Image segmentation was found to be the best one for recognising an elephant from the background. As this method process only with image, it will not affect both elephant and human beigns. It can be calssified as thresholding (Suen et al. 1998), template matching, region growing, edge detection (Chikkali and Prabhushetty 2011) and clustering.

Clustering technique has been employed in various fields among which k-means clustering is widely used (Hussain et al. 2012). K-NN classifier (Hussain and Seker 2012) the most trustworthy and with less errors is used for classification. Mangai et al. (2015) implemented a clustering-based image segmentation approach for elephant recognition method. The experiment and analysis is done using 23 different IR images. All those images gave the proper segmentation results using k-means clustering technique with k = 2. Shape features are extracted using the K-NN classifier. Elephants are accurately detected for K = 3 and 5.

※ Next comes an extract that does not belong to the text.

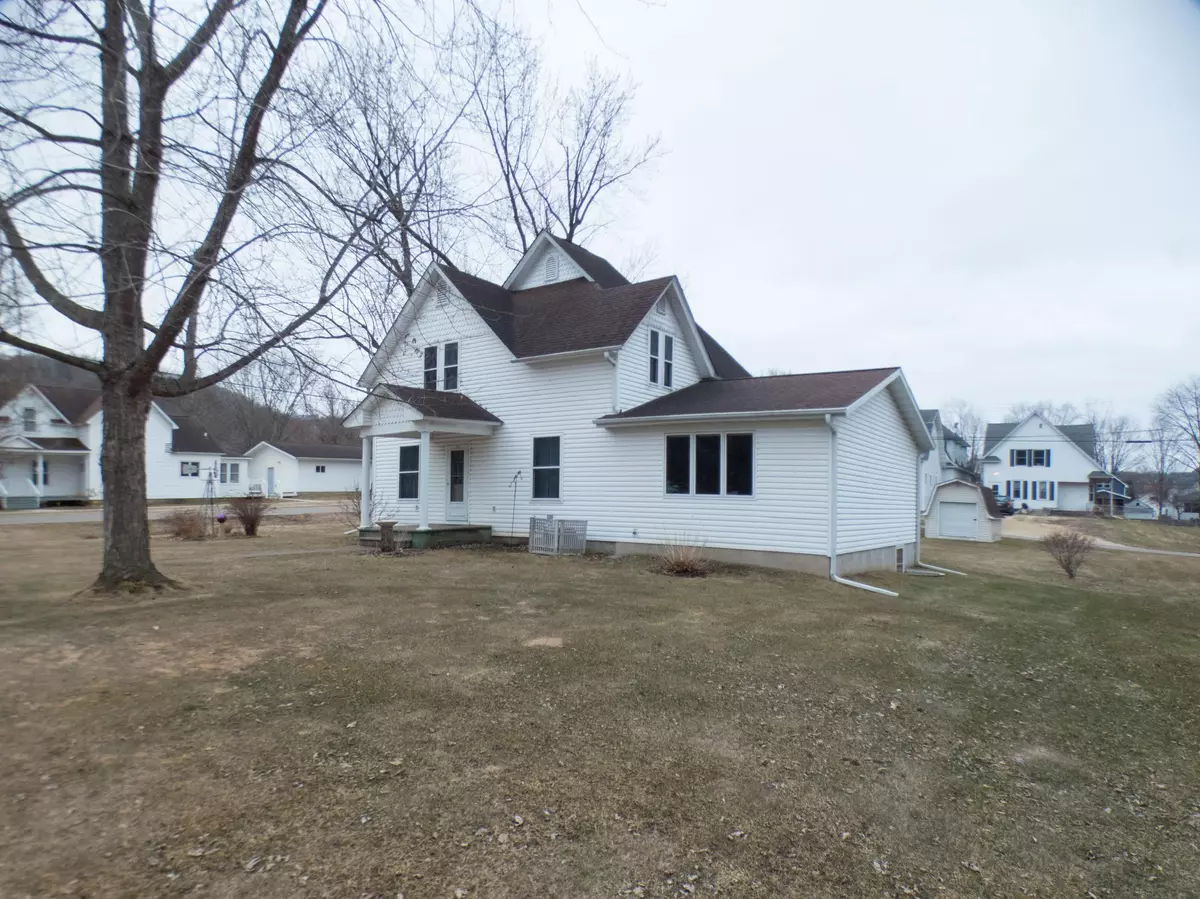 Elmwood, WI 54740,231 S Woodworth ST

Many automated systems which are the result of scientific advancement are discussed: the authors (Arivazhagan and Ramakrishnan 2010) presented a paper on the conservation of elephants with the focus on connectivity of elephant’s habitat. The study was done in southern part of the Indian sub-continent. Olivier et al. (2009) discussed a method to detect the elephants using the dung. With the dung decay rates and distance sampling techniques, they have detected and estimated the population size, age group in Southern Mozambique region. Fernando et al. (2012) proposed a solution by direct observations to avoid conflict. Balch et al. (2006) proposed RFID system for tracking. It has a drawback of short range detection and it has low update rate of the locations.

Prabu (2016) used seismic sensors for detection. Recently, automated vision-based method was proposed to detect elephants (Ramesh et al. 2017).

2 Methodology

The block diagram shown in Fig. 1 depicts the various stages of automated elephant recognition and the detailed description of each one is given in this section.

Fig. 1
figure 1

Various stages of automated elephant recognition

The input images are infrared images that may contain different animals with static background. The animals may be single or in group doing different actions like eating, moving, etc. The conversion of infrared (IR) image into grayscale image is accomplished in the pre processing stage. Subsequently, thresholding based segmentation method is used to segment the object of interest. Next, different shape based feature are extracted from the detected object. Finally, object recognition is done using k-NN classifier based on the extracted features. The detailed description of each stage is given in the following subsections.

2.1 Image segmentation by thresholding

First step of object recognition is segmenting the image, so that the pixels of same characteristics belong to one group. Whole pixels are arranged into distinct groups at the end of segmentation It has been extensively used in many areas, such as pattern recognition, machine learning and statistics. The segmentation algorithms used in our methodology is thresholding based segmentation. The objective of image binarization is to divide an image into two groups, foreground or object, and background. In image processing applications, the gray level values assigned to an object are different from the gray level values of the background. Therefore thresholding can be considered as an effective way to separate foreground and background. The output of a thresholding process is a binary image which is obtained by assigning pixels with values less than the threshold with zeros and the remaining pixels with ones.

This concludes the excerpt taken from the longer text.